Background: Irritable bowel syndrome is a common condition seen in Western countries. In Asia, however, it is less known and even less studied.
Aim: To determine the prevalence and social impact of irritable bowel syndrome as well as the health-seeking behaviour of irritable bowel syndrome patients in Taiwan
Methods: Using the modified Rome II questionnaire, a survey was carried out in a population receiving physical check-up (n = 2865).
Results: The prevalence of irritable bowel syndrome in Taiwan was 22.1% and 17.5% (kappa = 0.73) according to the Rome II and I criteria, respectively. No gender difference was found between subjects with and without irritable bowel syndrome symptoms. Irritable bowel syndrome subjects were likely to undertake an excessive number of physician-visits (P < 0.01). Such subjects were often absent from work/school, with more days of absenteeism than irritable bowel syndrome-free subjects (P < 0.01). They also suffered obvious sleep disturbance (P < 0.01). Nearly half of the irritable bowel syndrome subjects were 'consulters', and they were more likely to have frequent physician-visits, suffer from work/school absenteeism, and endure sleep disturbance and bowel symptoms than irritable bowel syndrome nonconsulters (P < 0.05).

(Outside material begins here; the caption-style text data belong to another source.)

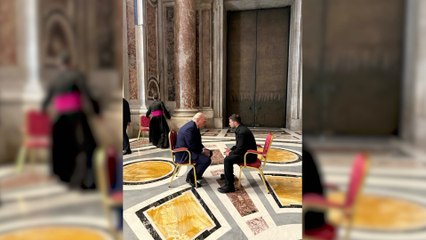 TRUMP and ZELENSKIY Secretly Meet Inside St Peter's Basilica before POPE'S FUNERAL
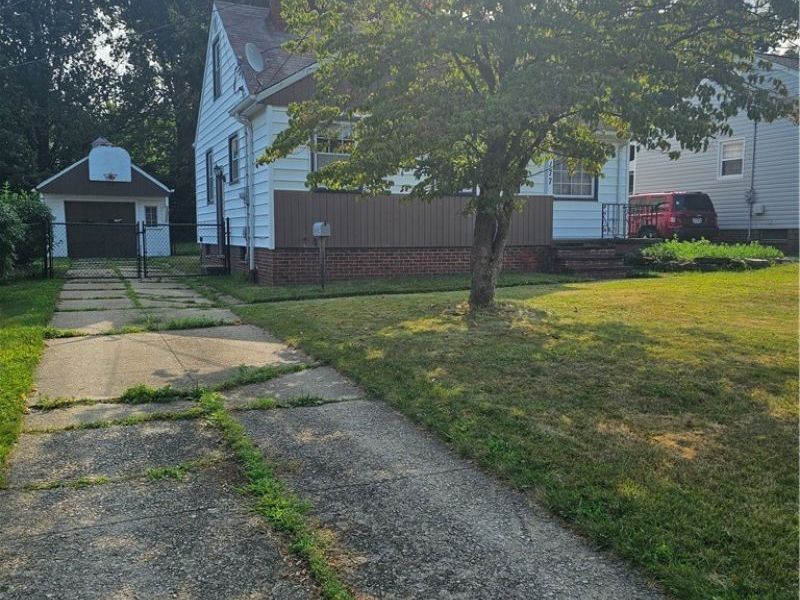 2177 Green Ridge Drive, Wickliffe, OH 44092 Photo 2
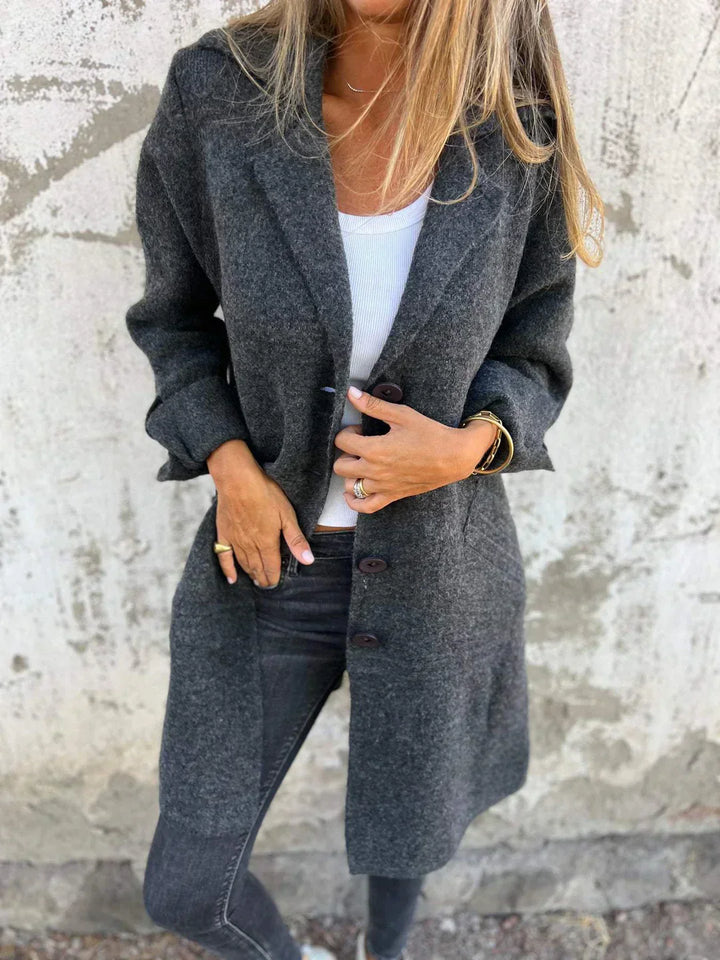 Nika – Chic Minimalist Coat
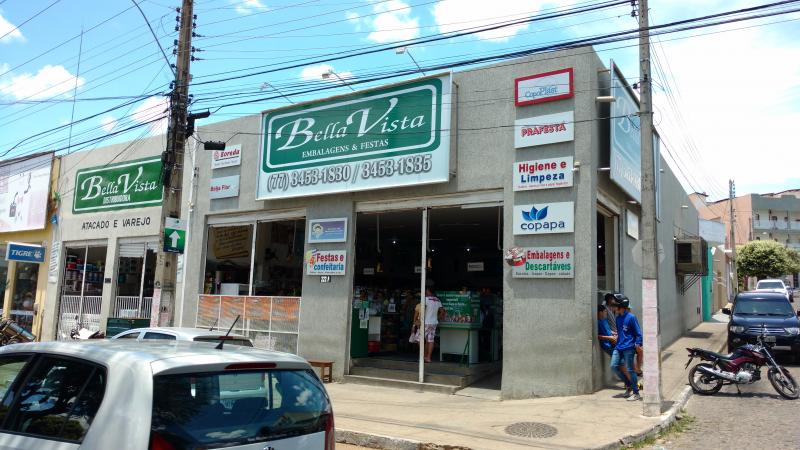 A Bella Vista Embalagens e Festas já dispõe de novidades em fantasias e acessórios de Carnaval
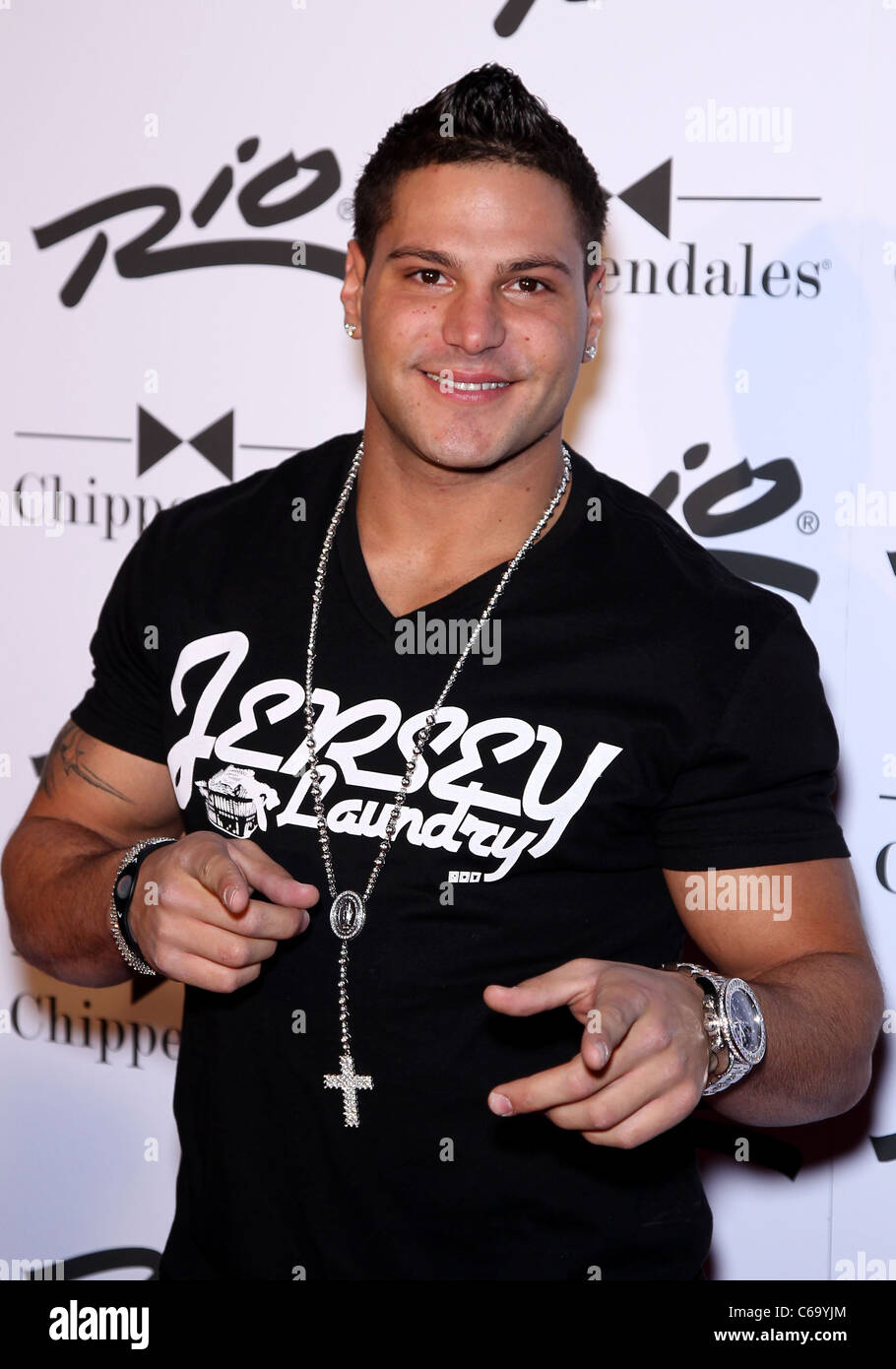 Ronnie Magro di presenze per Jersey Shore di Ronnie Magro ospita Chippendales, Teatro di Chippendales al Rio All-Suite Hotel e Casino, Las Vegas, NV Febbraio 12, 2011. Foto di: MORA/Everett Collection Foto Stock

Conclusions: Irritable bowel syndrome is common in a Chinese population of Taiwan. Similar to irritable bowel syndrome in the West, it also involves significant social and medical burdens. However, in the irritable bowel syndrome subjects of Taiwan there is no gender difference, and more irritable bowel syndrome subjects will seek physician consultations, which may be due to Taiwan's easily accessible and affordable heath care facilities.